# PROBLEM DETAILS
Give back the records below exactly, omitting the pictures.

(Beginning of DATA FOR THIS TASK)

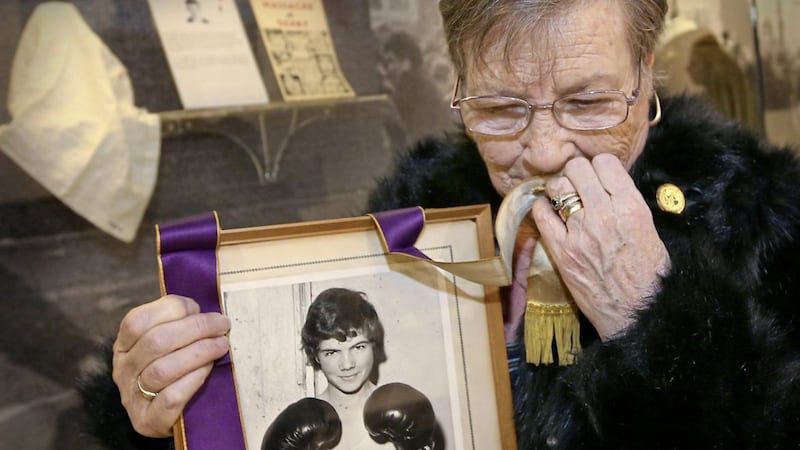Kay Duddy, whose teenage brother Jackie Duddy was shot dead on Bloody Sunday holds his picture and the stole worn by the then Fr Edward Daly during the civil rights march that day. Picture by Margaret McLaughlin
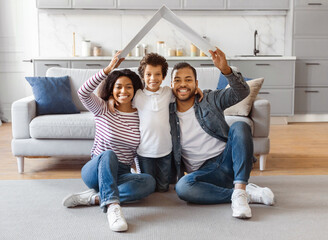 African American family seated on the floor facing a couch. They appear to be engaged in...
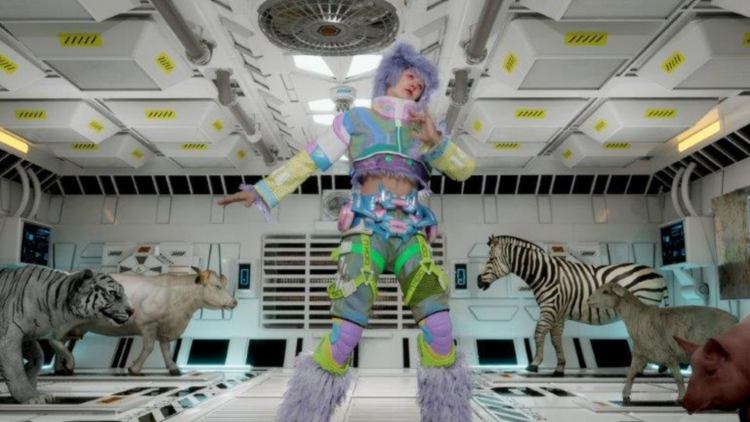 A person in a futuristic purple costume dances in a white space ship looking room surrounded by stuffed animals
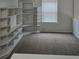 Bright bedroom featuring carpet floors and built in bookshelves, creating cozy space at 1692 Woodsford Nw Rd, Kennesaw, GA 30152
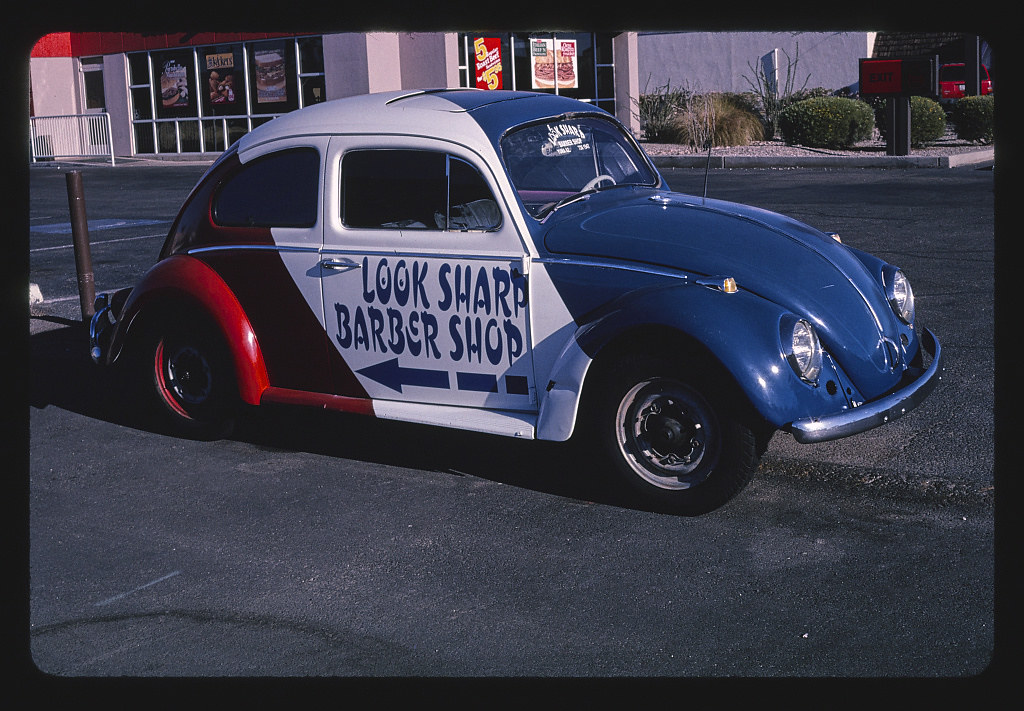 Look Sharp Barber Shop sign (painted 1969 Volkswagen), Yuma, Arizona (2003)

(End of DATA FOR THIS TASK)

# RESULT OF THIS EXERCISE
Kay Duddy, whose teenage brother Jackie Duddy was shot dead on Bloody Sunday holds his picture and the stole worn by the then Fr Edward Daly during the civil rights march that day. Picture by Margaret McLaughlin
 African American family seated on the floor facing a couch. They appear to be engaged in...
 A person in a futuristic purple costume dances in a white space ship looking room surrounded by stuffed animals
 Bright bedroom featuring carpet floors and built in bookshelves, creating cozy space at 1692 Woodsford Nw Rd, Kennesaw, GA 30152
 Look Sharp Barber Shop sign (painted 1969 Volkswagen), Yuma, Arizona (2003)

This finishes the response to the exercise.